The very broad idea of the political recruitment model was discussed by David C Schwartz in 1969, however, the stages and barriers weren't clearly defined until Pippa Norris' work in 1993. Schwartz examined how men entered political office in the United States whereas Norris examined how women entered the British political arena. Political scientists have expanded on Norris' model to examine gendered barriers to political office.

== Political recruitment model and gender gaps ==
The political recruitment model is used to analyze why women hold political office at lesser rates than men. When reviewing the model, feminist scholars look to see where and why women "fall off" the pipeline to becoming elected officials. Supply and demand concepts are utilized by scholars to divide the gendered barriers into two subcategories. The framing affects for the cause of women's underrepresentation can vary by race or ethnicity.

=== Supply barriers ===
When women fall off the political recruitment model between eligibles stage and the aspirants stage it is the result of a supply issue. A supply issue is when there aren't enough women who have the desire or motivation to run for office. Supply barriers seen in the political recruitment model are individual resources, and ambition. There are two main factors that affect the supply of women aspirants (women who have the desire to run for office) resources such as time, money, etc., and ambition.

==== Political ambition ====
Nascent political ambition is the desire to hold political office and eligibles must have nascent ambition to become aspirants. A study done by Richard L. Fox and Jennifer L. Lawless investigated where women were leaving the political recruitment model; they determined that women drop off at the aspirant stage. Women are less likely to consider running for office than men. When women do express interest in running, it is for lower-level positions.

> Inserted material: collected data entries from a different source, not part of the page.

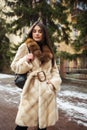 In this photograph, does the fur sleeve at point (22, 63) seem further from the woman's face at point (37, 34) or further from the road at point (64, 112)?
the road at point (64, 112)

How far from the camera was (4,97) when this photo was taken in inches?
334

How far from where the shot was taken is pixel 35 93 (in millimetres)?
3373

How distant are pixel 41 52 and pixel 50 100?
2.00ft

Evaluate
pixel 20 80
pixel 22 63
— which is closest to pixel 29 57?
pixel 22 63

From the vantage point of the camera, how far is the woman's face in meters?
3.52

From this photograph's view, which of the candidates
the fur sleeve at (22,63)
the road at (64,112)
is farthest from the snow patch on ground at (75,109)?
the fur sleeve at (22,63)

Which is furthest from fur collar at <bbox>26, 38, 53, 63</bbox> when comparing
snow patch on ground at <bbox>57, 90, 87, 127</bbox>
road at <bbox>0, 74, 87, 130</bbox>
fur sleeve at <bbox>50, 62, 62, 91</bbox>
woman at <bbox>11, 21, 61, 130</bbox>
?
snow patch on ground at <bbox>57, 90, 87, 127</bbox>

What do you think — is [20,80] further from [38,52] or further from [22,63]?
[38,52]

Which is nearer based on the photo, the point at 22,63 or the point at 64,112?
the point at 22,63

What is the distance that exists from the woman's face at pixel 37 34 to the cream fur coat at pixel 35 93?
0.08m

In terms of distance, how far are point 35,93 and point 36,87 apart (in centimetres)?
7

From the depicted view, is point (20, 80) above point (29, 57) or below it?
below

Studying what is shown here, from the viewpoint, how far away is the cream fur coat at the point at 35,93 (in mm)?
3362

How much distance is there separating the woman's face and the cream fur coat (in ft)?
0.27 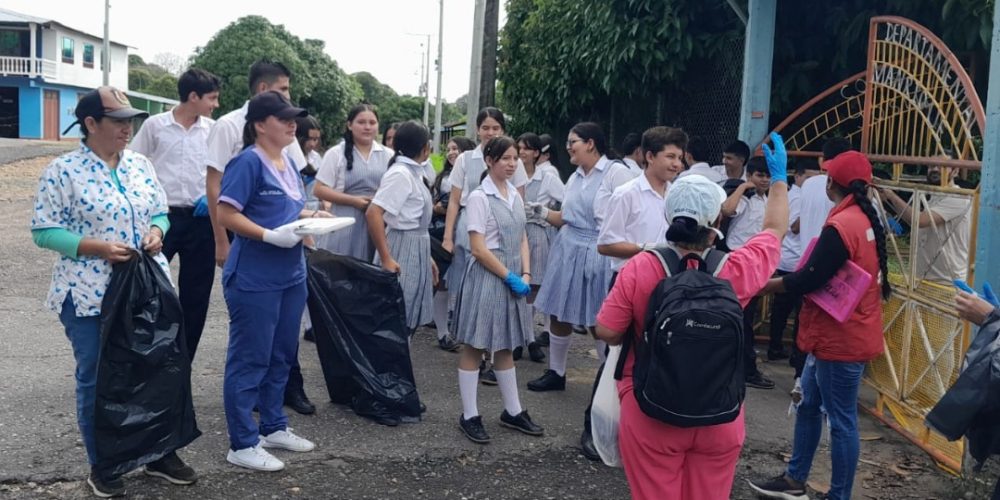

===== Political ambition barriers =====
There are many different reasons why women have less ambition to run for political office than men. Scholars theorize that political socialization plays an important role. According to research of American children, girls are socialized to see politics as a "male sphere", this affects their career aspirations later in life. Additionally, women receive less support from parental figures to join the public sphere. Role models are another important aspect of political socialization. There is statistical evidence that shows the gender gap in girls career aspirations and educational attainment closes when women lead/hold political office. A study done by Coffé et al. (2023) displays another reason for political ambition barriers due to gaps within policy making due to gender. The study from the 2022 Flemish Political Ambition Survey mirrored a 0.71 gender gap on European ambition level implying that there are gender ambition gaps causing barriers for participation and when participation does take place it is more likely to happen on a local scale. Another important factor to this ambition gap is that there are gender differences in perceptions of qualifications and the importance of qualifications in determining who gets to run for political office. Women underestimate their qualifications and they put more emphasis on qualifications when it comes to moving from the eligible to aspirant stage. Campaign training programs can be seen as a supply focused solution; these program aim to increase women's political ambition by providing knowledge about the electoral process and by offering networking opportunities.

=== Demand barriers ===
When women fall off between the aspirant stage and the candidate stage, or between the candidate and legislator stage, it is the result of a demand issue. A demand framework describes a general desire expressed by voters, elites within political parties, and institutions for women to hold political office. Demand barriers can manifest in many different ways. Voter bias can be heavily gendered creating a barrier that keeps women from becoming legislators. The institutional structure of a state's government can have an effect on demand barriers. Political party gatekeepers can keep women from becoming candidates in both PR (proportional representation) government systems and majoritarian systems. In PR government systems, gender quotas, are a common tool used to mandate women's candidates thereby erasing the demand barrier of party gatekeepers.